YOUR INSTRUCTIONS:
Retype the material, please. Every line must match.

AVAILABLE DATA:
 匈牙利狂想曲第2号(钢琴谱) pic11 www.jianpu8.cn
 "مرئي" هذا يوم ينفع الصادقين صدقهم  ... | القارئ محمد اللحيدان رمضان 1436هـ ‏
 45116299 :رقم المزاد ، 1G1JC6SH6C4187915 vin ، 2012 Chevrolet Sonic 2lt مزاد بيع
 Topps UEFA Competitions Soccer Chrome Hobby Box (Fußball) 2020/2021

RESPONSE AREA:
 匈牙利狂想曲第2号(钢琴谱) pic11 www.jianpu8.cn
 "مرئي" هذا يوم ينفع الصادقين صدقهم  ... | القارئ محمد اللحيدان رمضان 1436هـ ‏
 45116299 :رقم المزاد ، 1G1JC6SH6C4187915 vin ، 2012 Chevrolet Sonic 2lt مزاد بيع
 Topps UEFA Competitions Soccer Chrome Hobby Box (Fußball) 2020/2021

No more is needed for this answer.